Since the convictions were made on the ground that bribes were paid by the company, it is necessary to find out to whom they were paid. The CBI has got details of the case and some evidence about the reported wrongdoing from the proceedings of the case in Italy. But it has to collect independent evidence in India about the role of Tyagi and others. Apart from Tyagi, two persons, including a relative, have been arrested and it is likely that more people may be involved.
The CBI should bring out the truth about the charges through a thorough investigation. It has investigated the case for three years. Only on the basis of convincing evidence, brought out through fair investigation, should the suspects be charge-sheeted. There is a need to make evidence public.
There should not be any vindictiveness or undue interest in pursuing the case. This needs to be reiterated because the case belongs to the UPA era and there might be pressure or temptation to politicise it.

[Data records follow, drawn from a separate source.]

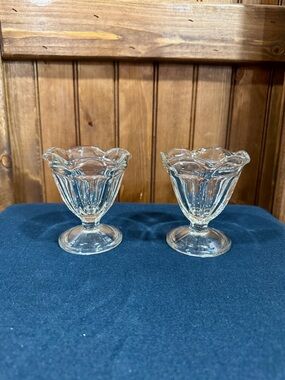 Vintage Anchor Hocking Clear Glass Ice Cream Sundae Cups (Pair)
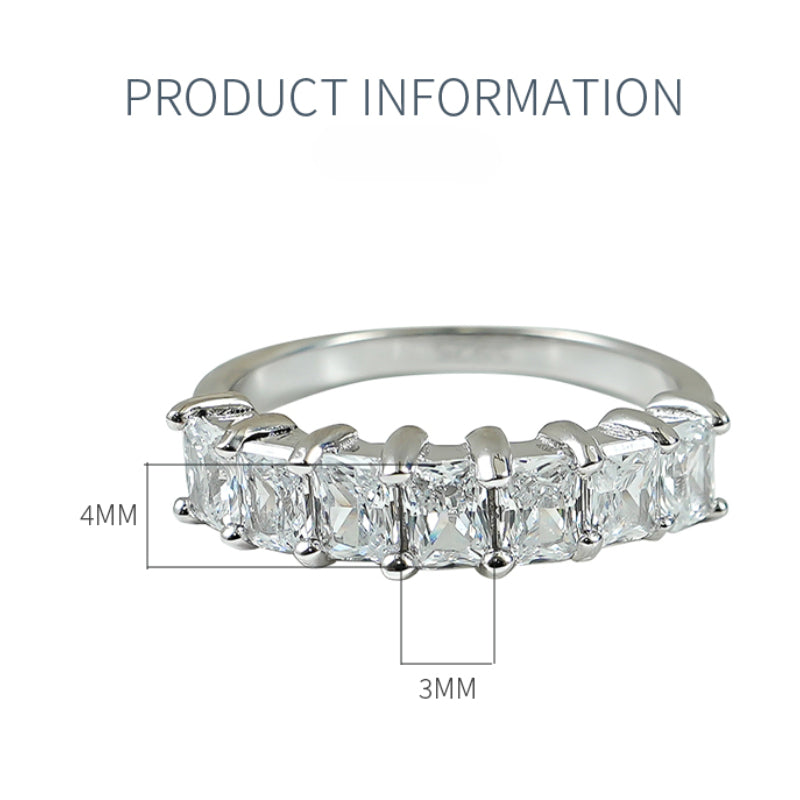 Sparkling Ice Cut Half Eternity Sterling Silver Band Carly Jewelry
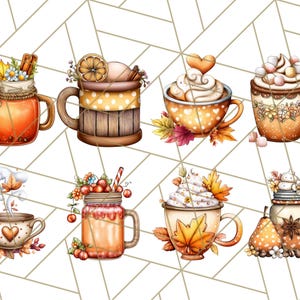 May include: A collection of eight digital illustrations of fall-themed beverages. The images include mugs and mason jars filled with hot drinks, decorated with fall leaves, cinnamon sticks, whipped cream, and fruit. The color palette is warm, featuring oranges, browns, and creams.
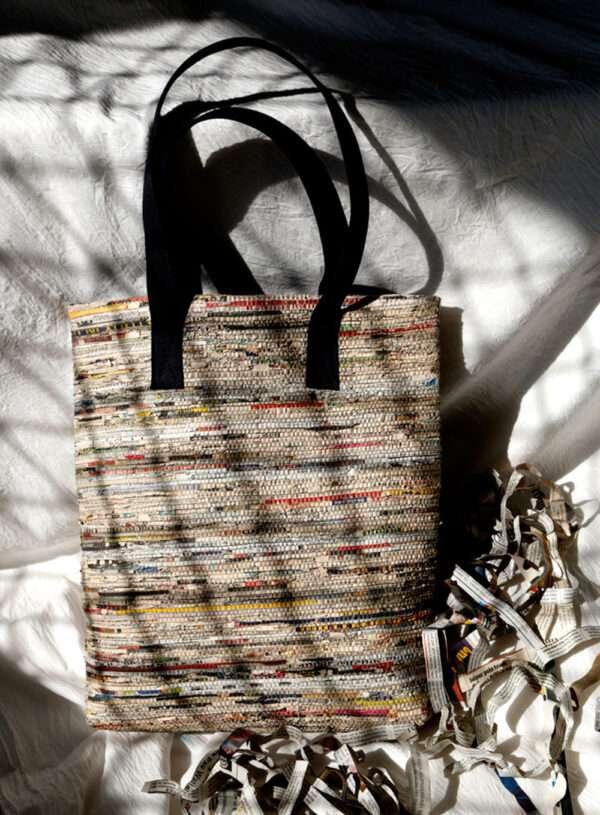 Handwoven Newspaper Tote Bag – Navy Handle - Image 2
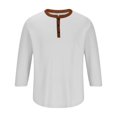 thumbnail image 4 of VSSSJ Mens Muscle T-Shirts Button Up Waffle Knit Stretch Henley Shirt Slim Fit Crewneck Short Sleeve Lightweight Workout Athletic Tees White S, 4 of 5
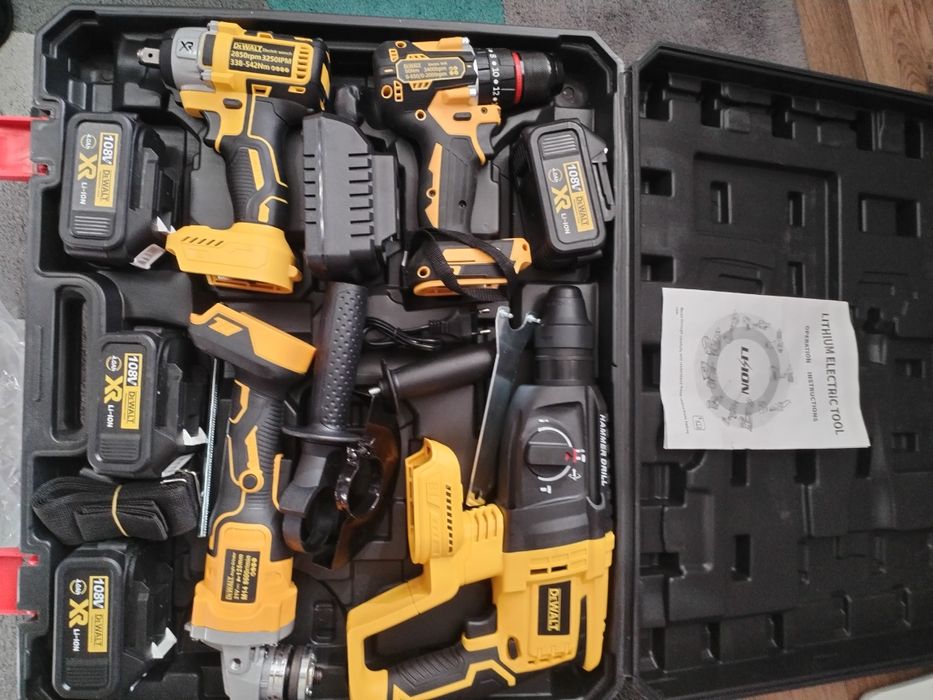 Акумулаторни машини 4 в 1 винтоверт гайковерт перфоратор ъглошлайф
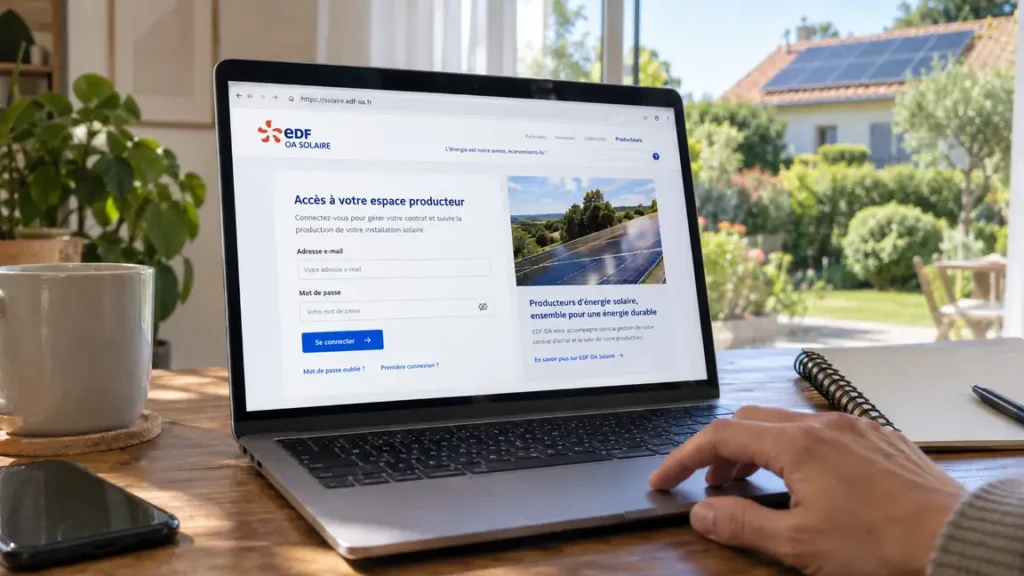 Connexion à l’espace producteur EDF OA Solaire sur un ordinateur portable, avec une toiture photovoltaïque en arrière-plan
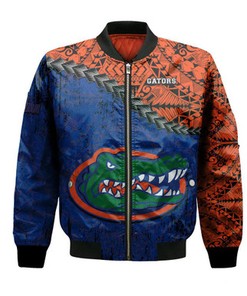 Florida Gators Bomber Jacket Grunge Polynesian Tattoo- NCAA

Defence deals are not easy to investigate because of their complications, international ramifications, red herrings, false leads and other problems.
The CBI should do an honest and efficient job and bring the case to an early closure.
(EDITOR’S NOTE: It should be clarified that the Milan Appeals Court convicted former AgustaWestland CEOs Giuseppe Orsi and Bruno Spagnolini on circumstantial evidence.
The appeals trial, and the initial trial before it, did not uncover any evidence of improper payments, nor any other money trail.
It should also be noted that ACM Tyagi was arrested because he is suspected of having lowered the RFP’s altitude requirement to allow AgustaWestland AW101 to compete.
Yet, as stated by the government’s own Press Information Bureau and the Ministry of Defence in February 2013, the altitude requirement was changed at the end of a comprehensive process by various government agencies, including the Prime Minister’s Office.
Surprisingly, the Central Bureau of Investigation refuses to accept this statement.
It is pursuing its three-year investigation while disregarding the exculpatory evidence, which can only fuel speculation about its ulterior motives.)